4ランク目の ◆ベーシックの1.3Wは、R-2000住宅と同等。 この程度の性能で、いまだに商売をしている会社が多いというのが実態。
そして、数年前より新住協が唱え出した「Q1.0 (キュー・ワン) 住宅」。
これが、札幌の基準では、「とおり一遍のスタンダードに過ぎない」 と言い切っているところが、なんとも憎い。
その上に、Q値が0.7Wの◆ハイレベルがあり、さらには、◆Q値が0.5Wの、究極と言えるトップランナーがある。
制度を創るのは比較的簡単。
要は、この厳しい制度をとれだけ地場ビルダーが消化し、武器として活用しているかである。
札幌市の民間側の受け皿として活躍しているのが、私のホームページのリンク先にある北海道無暖冷房住研。 北大・藷熕謳カ、道科大・福島先生をはじめ、熊谷氏、タギ氏など多彩なコンサルタントを持ち、21社の正会員から成っている。
この中で、今年0.7Wのハイレベル以上を34棟をこなした道東ハウス、同じく31棟をこなした大洋ハウスを筆頭に、2棟以上こなしたビルダーの数が、7社にも上る。
上位の10社の数字だけをみても、トップランナーが14棟、ハイレベル63棟、スタンダードに至っては180棟にも及ぶ。 もちろん、全てが補助金を受けているわけではない。
補助金なしでも、それなりに受注している。
この道無暖冷房住研だけで、Q値1.0W以上の住宅の受注数が 300棟近くに及ぼうとしている事実に注目したい。
すなわち、今年の実績数を見ると、R-2000住宅やキュー・ワン住宅の北海道における実績を完全に凌駕していることに気がつく。
つまり、スタンダードというQ-1 (キュー・ワン) 住宅を 数十棟単位で消化している地場ビルダーが、数社もあるということ。 このことの意義は非常に大きい。
私が常に強調していることは、「地場ビルダーが高気密住宅の専門業者化しない限り、地場に高気密住宅が普及することは絶対にあり得ない」 ということ。
たしかに、パッシブハウスという一般社団法人には多くの設計士が参加している。
そのことは非常に良いことで、何一つ否定する必要はない。 しかし、設計士が仕事の依頼を受ける範囲は広く、特定の地場に縛られているわけではない。
伊東豊雄氏や隈研吾氏などに代表される有名な設計事務所は、世界を股にかけて活躍している。
設計事務所というのは、エリアには拘束されない存在。 つまり、所長一人が出張し、受注をとることが可能な商売。
これに対して工事を担当する地場ビルダーは、大工さんをはじめ一切の下職を簡単に移動させることは出来ない。 一定の範囲内で、厳しい基準をクリアーするには、1棟や2棟程度の経験だけでは完全に体得させることは不可能。

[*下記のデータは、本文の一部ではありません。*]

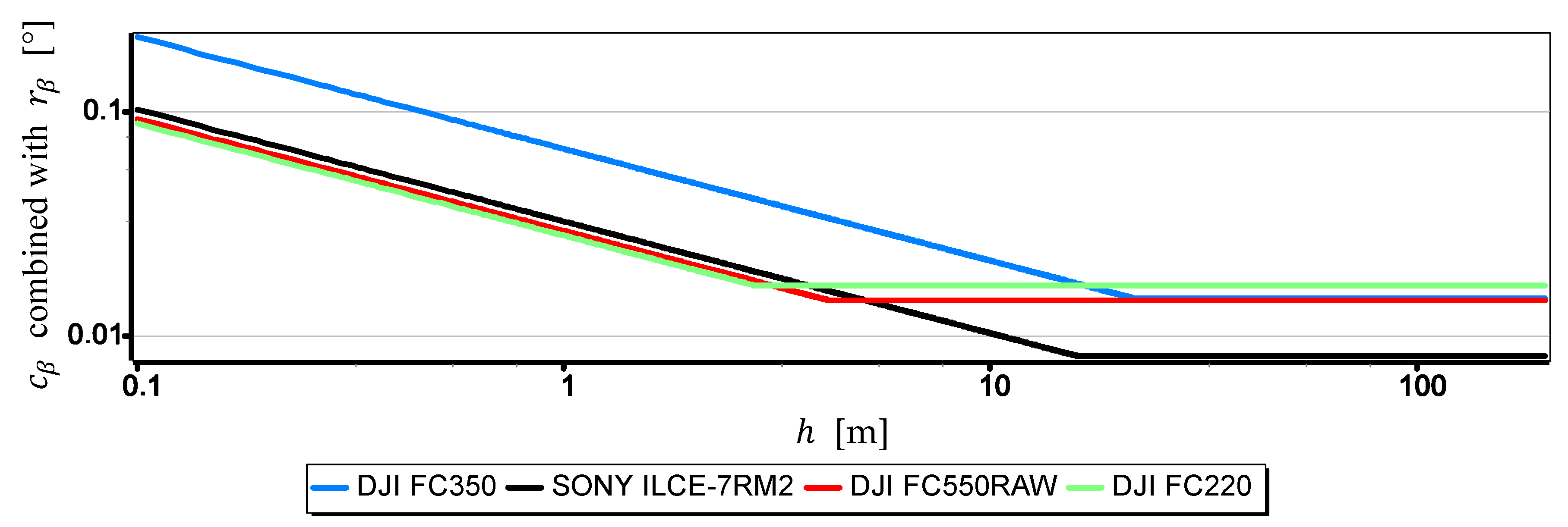 Sensors 19 04644 g015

仕事に慣れると言うことは、全ての職人が同じ考えで動くということ。 徹底的にシステムを理解し、身体が自然に動かねばならない。 それには、地場ビルダーが専門化して、一定性能の需要をコンスタントに確保しなければならない。
道無暖冷房住研のメンバーの数社が、Q-1 (キュー・ワン) 以上の仕事を、数十棟単位でコンスタントな受注力を確保してきているということ。 そのことの意義を私は称えたい。
こうした地場ビルダーの育成の重要さを、パッシブハウスなどでも学んで欲しい。
でないと、いくら笛を吹いても誰も踊り出せない。
消費者は、安くて安心出来る発注先を、いつまでも見つけ出せない状態が続く‥‥。
さて、札幌の無暖冷房住研の動きを見ていたので、全国的にもこれに近い動きがあるのではないかと考えていた。
しかし、私の判断は、甘かった。
北海道でも、人口の集中が進み、市が中心になって新しい産業を育成しようと補助金まで用意しているのは札幌市だけ。 他の地域では過疎化が進み、予算のない市は補助金事業などは考えられないほどに疲弊。

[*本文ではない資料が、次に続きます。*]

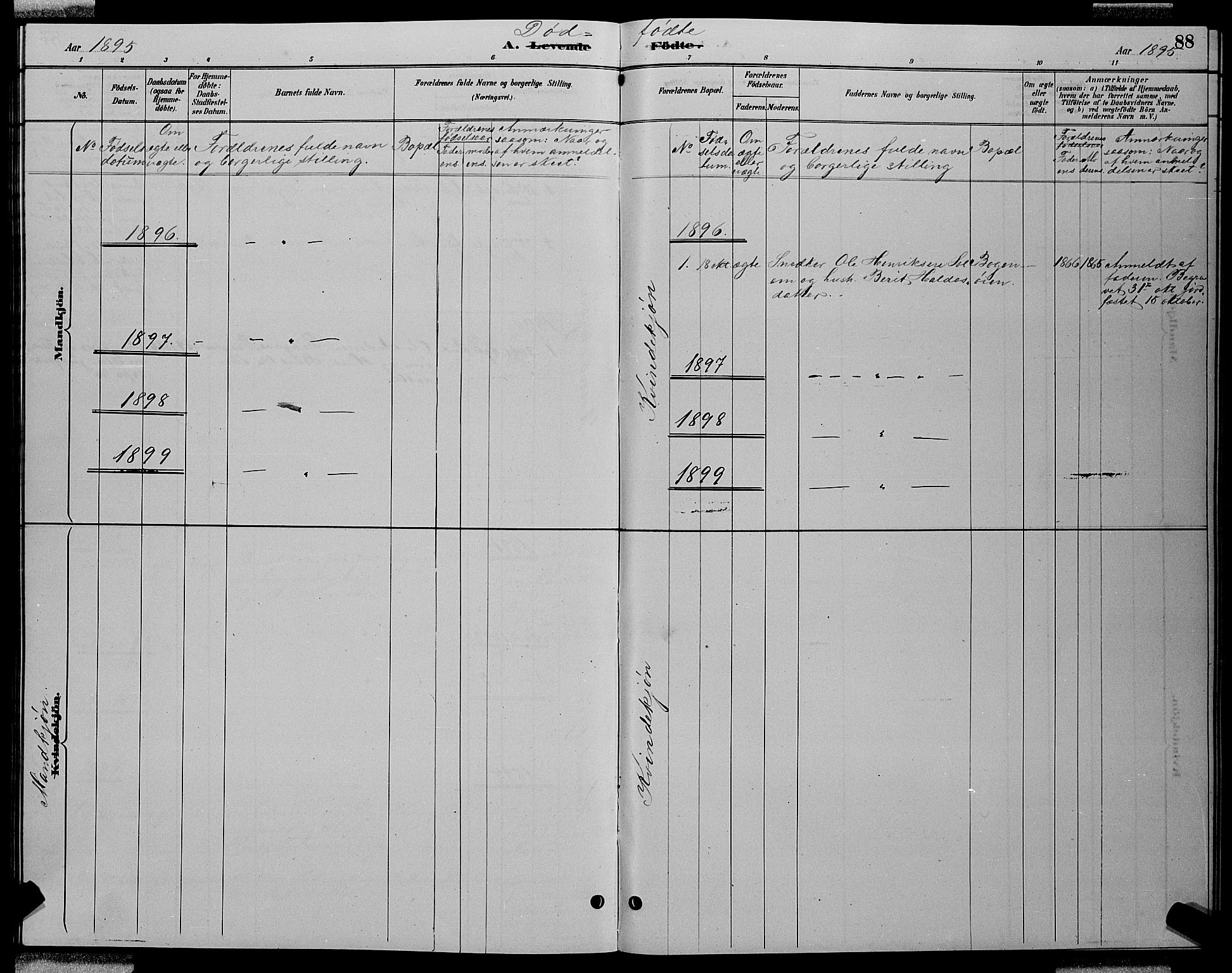 Ministerialprotokoller, klokkerbøker og fødselsregistre - Sør-Trøndelag, SAT/A-1456/688/L1028: Parish register (copy) no. 688C03, 1889-1899, p. 88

Q値が1.6Wの省エネ基準を順守しておれば良い方で、206どころか204の充填断熱が未だに幅を効かせているという。 坪単価は、60万円どころか、50万円を割るローコスト住宅が未だにのさばっているとも聞いた。
これは、内地も一緒で、円安で建築資材が高騰しているのに、建築単価は低く抑えられている。

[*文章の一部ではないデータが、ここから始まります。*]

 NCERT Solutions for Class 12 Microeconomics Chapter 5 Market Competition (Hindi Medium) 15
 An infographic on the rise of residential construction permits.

その一方で、鉄骨プレハブやミサワホームなどの性能の悪い住宅が、厚化粧をして高額所得者をたぶらかそうと悪知恵を働かせている。 その動きを支援しょうとしている国交省に経産省。
しかし、ここでも幅を効かせているのがローコスト。 ただし、今までの勢力外で、新しい動きが一部に見られる。
日本には、850万戸もの空き家が存在する。
空き家が多くなったということは、全ての人がまともな家に住めるようになったということで、大変喜ばしいこと。 だが、日本の6,150万戸の既存住宅の質は、相当低いと考えてよい。
6,150万戸のうち、ペアサッシを採用している住宅は1/6の1,100万戸にも満たない。 いまだに寒いアルミサッシの家に住み、冬期は毎朝結露掃除に悩まされている。
そして25年も経つと、一律に建築物の不動産価格を ゼロと評価してしまう日本の不動産屋。 こんな不動産屋は、絶対に信頼できない。
国交省が、プレハブメーカーや全建総連の工務店や大工さんの都合だけを考えて、Q値が2.7Wという惨めな住宅を消費者に押し付けている。
「少なくとも、Q値が1.0W以上の高性能で、暖かくて、毎朝サッシの結露掃除をしなくても良い住宅しか 新設住宅としては認めない」 という毅然たる態度を、国交省が率先して取るべき時期に到達している。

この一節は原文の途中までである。